La présidente de la Hindu House, Luxshmee Ramdhun-Bundhun, invite le public à y participer, muni d’une lampe, d’une fleur ou d’une bougie, pour rendre hommage à la policière décédée dans des circonstances tragiques. La cérémonie sera présidée par l’acharya Sooklall.

Luxshmee Ramdhun s’est dit profondément attristée par la disparition de cette femme au grand coeur, dénouée et passionnée par son métier et qui est morte pour son pays. Elle demande au gouvernement de prendre des « mesures sévères » afin d’empêcher que ce genre d’incidents ne se répète pas à l’avenir.

L’acharya Sooklall demande aux autorités de se pencher sur les conclusions du comité parlementaire sur la drogue, présidé par Madun Dulloo, et qui avait été institué par le Premier ministre d’alors, sir Anerood Jugnauth, dans le sillage de l’affaire Amsterdam Boys.
Hemandre Kumar Deepchand, le secrétaire de la Hindu House, fait, lui, un appel au gouvernement pour « revoir les lois concernant les trafiquants de drogue ».

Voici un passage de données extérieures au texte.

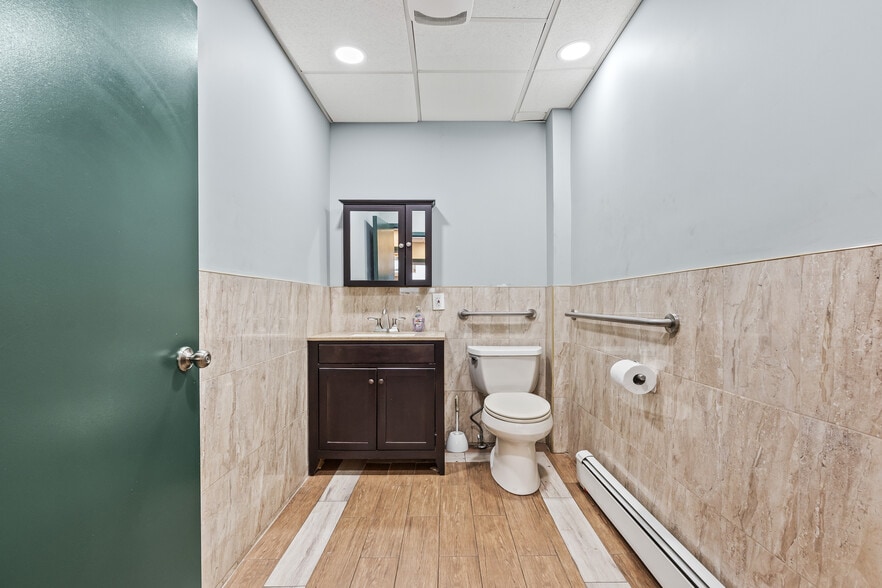 More Photos Of 120 S 2nd St, New Hyde Park Auto Repair For Sale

Il s’est de plus dit « en faveur de la peine de mort », car la drogue prend de l’ampleur à Maurice. « Le public doit soutenir le gouvernement dans son combat pour éradiquer ce fléau », dit-il. La MFDC projettera également, le 3 décembre, une vidéo sur la vie de Dimple Raghoo.

Luxshmee Ramdhun-Bundhun a aussi parlé de la fête Ganga Asnan, qui sera célébrée lundi dans la ferveur populaire à travers le pays. Elle a lancé un appel aux fidèles pour prendre les précautions nécessaires pour éviter la foule en raison de la pandémie de la COVID-19. Il est nécessaire que le public porte toujours son masque, ne reste pas longtemps parmi la foule et retourne chez lui aussitôt les rituels terminés.

Selon Luxshmee Bundhun, le Ganga Asnan est une fête « hautement spirituelle ». Elle a fait appel à la police pour que les marchands ambulants ne puissent pas avoir accès aux plages. « Ils envahissent les plages et, dans certains endroits, les dévots trouvent des difficultés à trouver un parking », dit-elle.